Chinese Spies Accused of Stealing US Trade Secrets
The five Chinese military personnel charged with cyber-espionage and stealing sensitive trade secrets from US companies. FBI

The Chinese government has issued a strongly-worded criticism of the indictments laid against five military personnel for stealing trade secrets from US companies - accusing the US government of being "deceitful" and employing double standards.

On Monday, US attorney general Eric Holder revealed that five Chinese military officials had been charged with offences relating to computer hacking and economic espionage directed at six American companies involved in the nuclear power, metals and solar products industries.

On Tuesday, the Ministry of Defence in China published a strongly-worded reaction to the indictments against its personnel, expressing "strong indignation and resolute opposition."

The statement denied any involvement by the Chinese government or military in stealing trade secrets from US companies:

"China's position on the issue of network security is consistent and clear. China is a staunch defenders of network security, the Chinese government and the army never engaged or were involved in any theft of trade secrets by network activity."

Deceitful nature

The statement accuses the US of double standards when it comes to accusing other countries of spying on them, listing Wikileaks and Edward Snowden as examples of when the US has been shown to be monitoring other countries.

"The US' deceitful nature and its practice of double standards when it comes to cyber security have long been exposed, from the Wikileaks incident to the Edward Snowden affair" the statement reads.

While the US openly admits to carrying out cyber-espionage, it says that it does not steal trade secrets from companies in other countries and pass that information on to companies in the US - which is what it has accused China of doing.

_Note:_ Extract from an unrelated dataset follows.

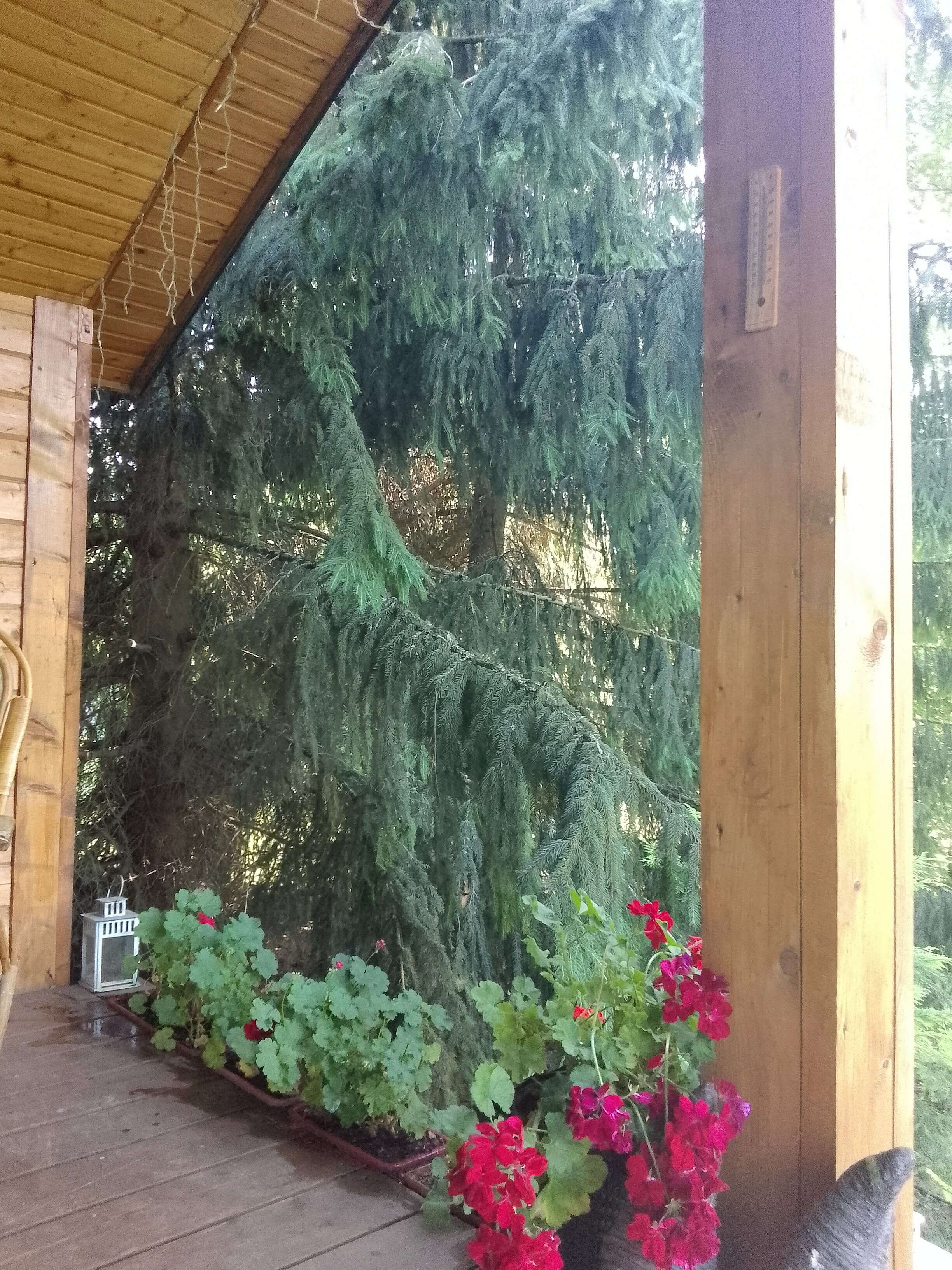 Дом с видом на лес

In March German newspaper Der Spiegel revealed the NSA had been monitoring high level communications between executives at Chinese company Huawei, which makes a large percentage of the world's networking equipment.

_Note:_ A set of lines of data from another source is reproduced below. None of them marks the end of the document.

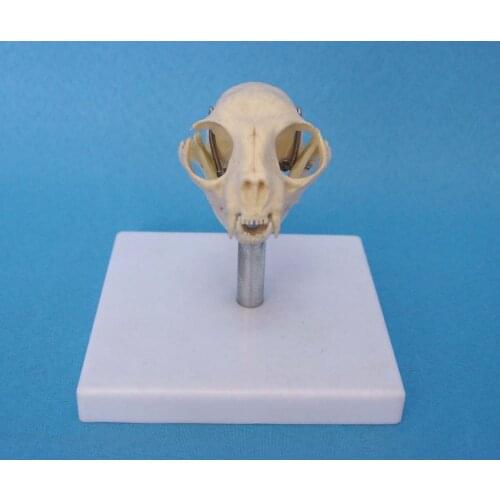1:1 Cat Skull Model Cat Head Bone Skeleton Model Cat Skull Anatomical Medical Teaching Veterinary Anatomy Animal Skeleton Model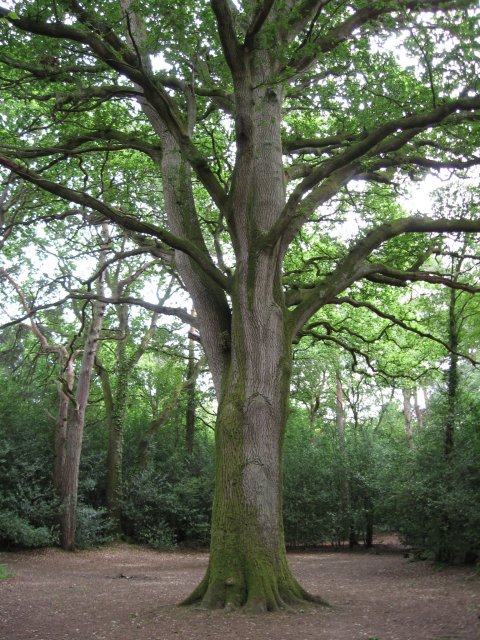 Old Oak in Delph Woods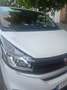 Fiat Talento Talento L1H1 3,0t 1,6 EcoJet Twin-Turbo 125 Basis Basis Weiß - thumbnail 1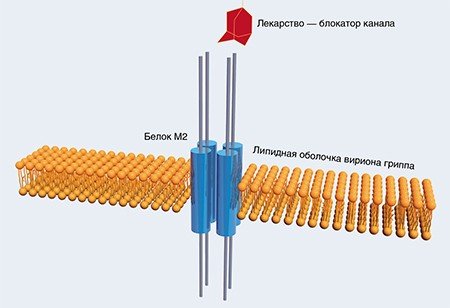 Устройство ионного канала в оболочке вириона гриппа. Тетрамер белка M2 является ионным каналом, который служит насосом протонов и необходим для «раздевания» (разрушения оболочки и выхода наследственного материала) вируса гриппа в инфицированной клетке. Канал специфически блокируется антивирусными лекарствами типа ремантадина (Wright et al., 2001)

Healthy, stable and reliable

China has accused the US of breaking the trust which had been established between the two countries during recent talks, with the US breaking their "commitment to building healthy, stable, and reliable military relations".

The Chinese Assistant Foreign Minister Zheng Zeguang has lodged a "solemn representation" with US ambassador Max Baucus following the indictments being handed down.

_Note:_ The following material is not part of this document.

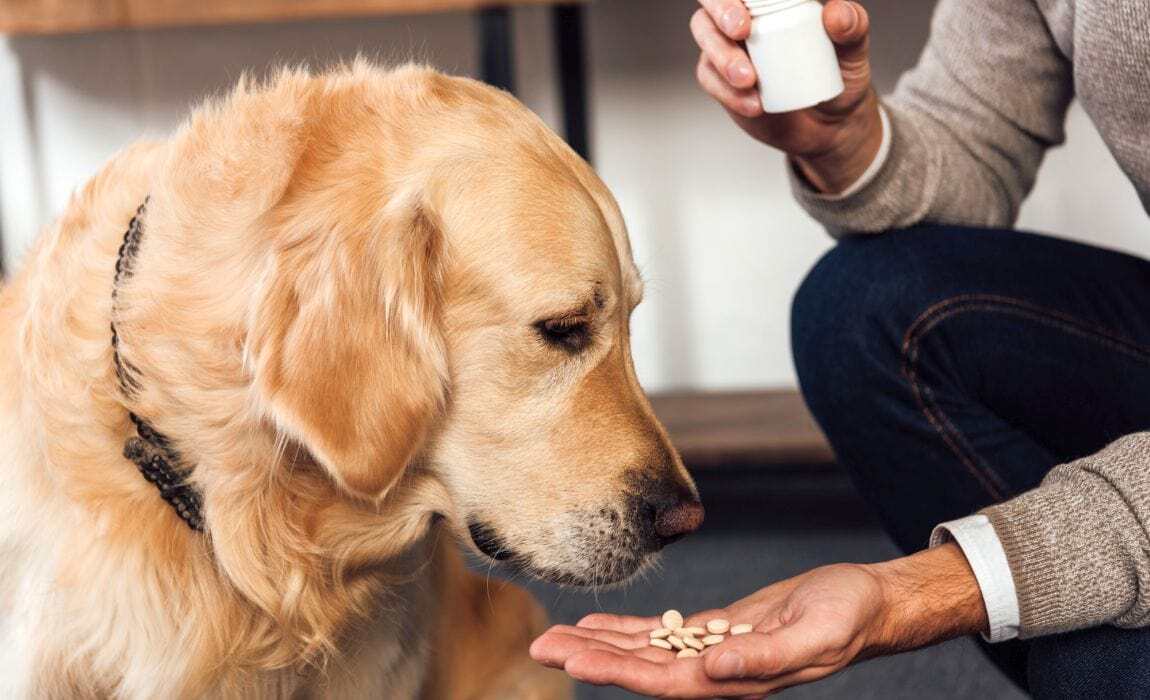 Kevés olyan kutya van, aki szívesen veszi be a gyógyszert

The five personnel were all accused of being part of the infamous Unit 61398 of the Third Department of the Chinese People's Liberation Army (PLA) which was first uncovered in a report from security firm Mandiant in early 2013.

The report said the group had been infiltrated over 140 companies - mostly in the US - for the last seven years.

On Tuesday the state-run Xinhua News Agency reported that in a three-month period this year a total of 1.18 million computers in China were directly controlled by 2,077 machines in the United States via Trojan horse or zombie malware - a fact alluded to in the Ministry of Defence statement.